Captain Marvel – The Movie
By Hervé St-Louis
March 8, 2019 - 08:20
Studios: Walt Disney Pictures, Marvel Studios, Animal Logic
Writer(s): Anna Boden, Ryan Fleck, Geneva Robertson-Dworet, Nicole Perlman, Meg LeFauve
Starring: Brie Larson, Samuel L. Jackson, Ben Mendelsohn, Jude Law, Annette Bening, Lashana Lynch, Akira Akbar
Directed by: Anna Boden, Ryan Fleck
Produced by: Kevin Feige
Running Time: 124 minutes
Release Date: March 7, 2019
Rating: PG13 (Parents Strongly Cautioned)
Distributors: Walt Disney Pictures
I was surprised by this movie. It does not follow a classic plot and it was weird not knowing exactly when I was in the first or the second act. This is not a criticism at all. I wish more movies were not as obvious. All of the familiar Marvel universe tropes and feel is in this movie set in 1995. For some reason, I wish it had been a bit earlier, but it really does not matter. One thing that I do not like about this movie is how Captain Marvel is billed as the most powerful Avenger. Based on what was shown, Thor, Doctor Strange, and Vision still feel very much in the higher echelon of power at Marvel.
This movie has been targeted by some because of a few comments deemed insulting to white men and most of the reviews it gets will reflect on the attempt to discredit and bash the film. Do remember that most movie reviewers are white men. Brie Larson did not say anything controversial though. She said that she wanted a more diverse crowd reviewing and commenting on her movie as opposed to the same old white guys. This was deemed an attack on white men. I would try to point out more of the logical fallacies of people pissed at Larson but it probably would not change much.

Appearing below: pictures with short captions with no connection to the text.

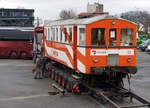 OC/Travys/B.M.K.: Von der Schweiz in die Märkische Schweiz. 
Der OC Triebwagen BDe 4/4 13 mit Baujahr 1920, der viele Jahre auf der westschweizer Bahnlinie zwischen Orbe und Chavornay hin und her pendelte, wird nun von der Museumsbahn Buckower Kleinbahn übernommen. Nach der Ausrangierung bei Travys bereicherte die Nummer 13 einige Jahre die interessante Fahrzeugsammlung des Bahn Museums Kerzers das per 31. März 2017 aufgelöst wird.  Am 21. Februar 2017 wurde der OC BDe 4/4 13 in Kallnach auf einen polnischen Lastenzug verladen und für die lange Reise in Richtung Berlin fit gemacht. Unterstützt wurde dieses Projekt durch das SWS Museum Schlieren. 
Grosses Glück brachte diesem seltenen Triebwagen mit der Betriebsnummer 13, ausgerüstet für den Betrieb mit Gleichstrom 700 V, die Unglückszahl 13.
Neben diesem Triebwagen finden noch weitere Fahrzeuge des B.M.K. den Weg nach Deutschland und in die Tschechei, wo sie von der drohenden Verschrottung gerettet werden.
Foto: Walter Ruetsch 




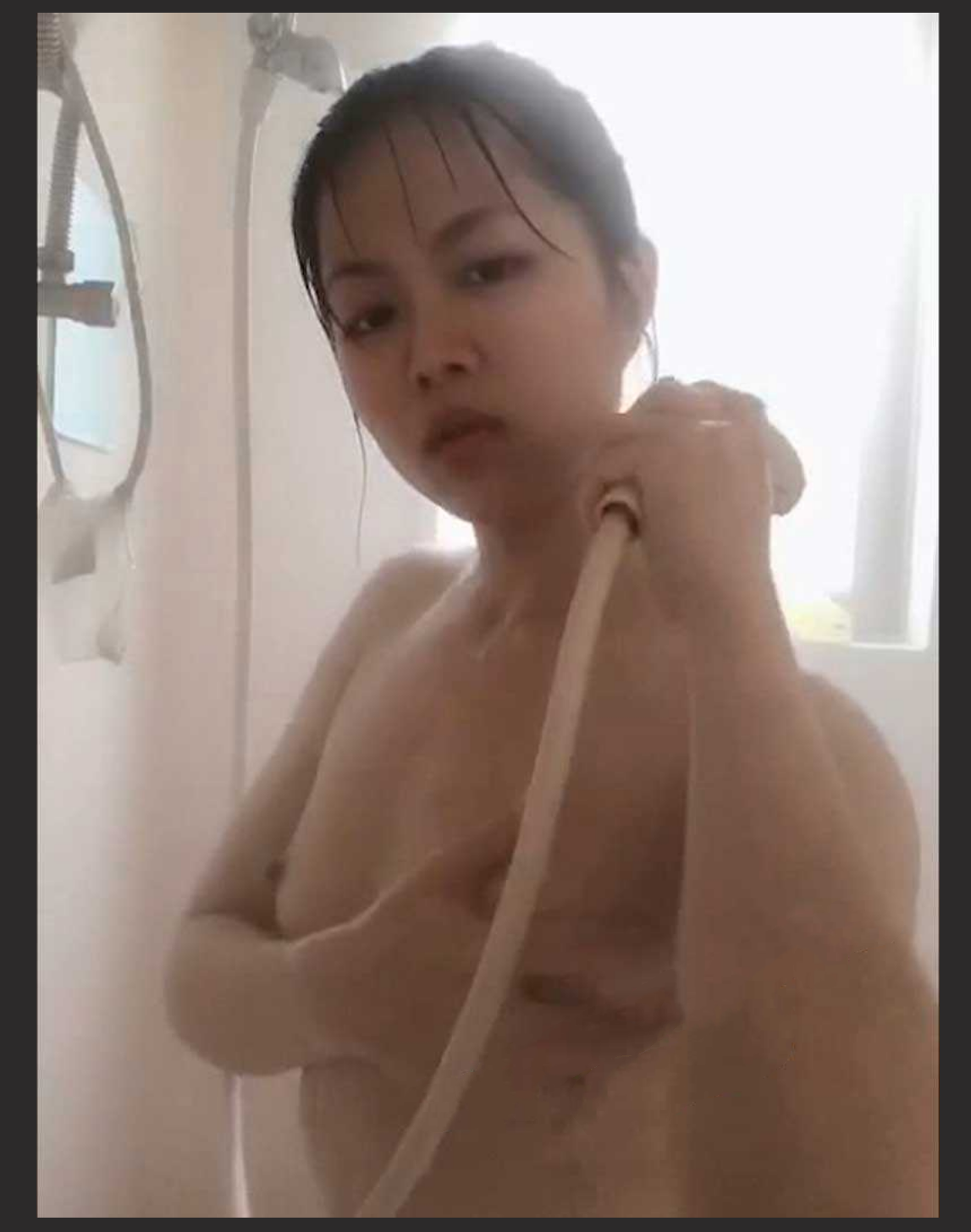 云南某医院极度反差小护士 骚劲发作上班期间玩露出自慰 与炮友啪啪、肛交、吞精视频流出 超级大胆开放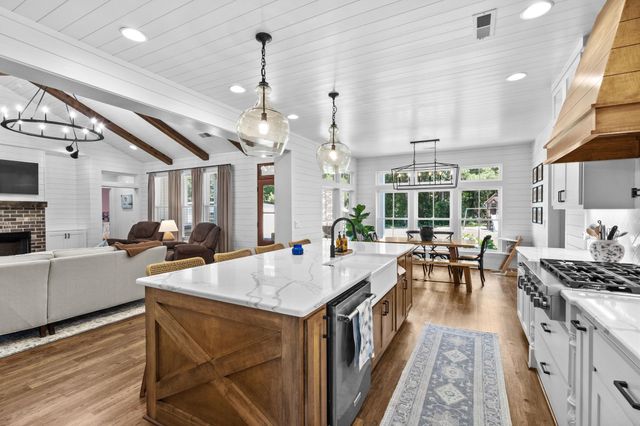 217 Tobacco Leaf Rd, Galivants Ferry, SC 29544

The movie has a girl positive message. So yes, Captain Marvel comes off as a Pollyanna. It also hints at the larger history of Marvel characters called Captain Marvel with Monica Rambeau taking a large role in this film. In the comics, Rambeau was the first woman to be called Captain Marvel. It’s funny because if the role model trope was used between men, this would not bother. Iron Man 3 had such an interaction between Tony Stark and a boy. Stark has the same relationship with Spider-man. Because it is so unusual it glares and feels like social justice preaching in Captain Marvel. The intent of the writers is certainly there but before crying foul, compare the Carole Danvers/Monica Rambeau relationship with the Iron Man /Spider-man one first.
Many of hand-to-hand fight scenes were too closely shot to be well appreciated. As for the visual effects of the space-bound dog fights and Captain Marvel’s use of her powers, they looked more like a videogame and made it difficult to empathize with the characters. When one watches the classic dog fights in the classic Star Wars films, one can appreciate the choreography of spaceships fighting one another. In Captain Marvel, we get an impression that does not move the plot much.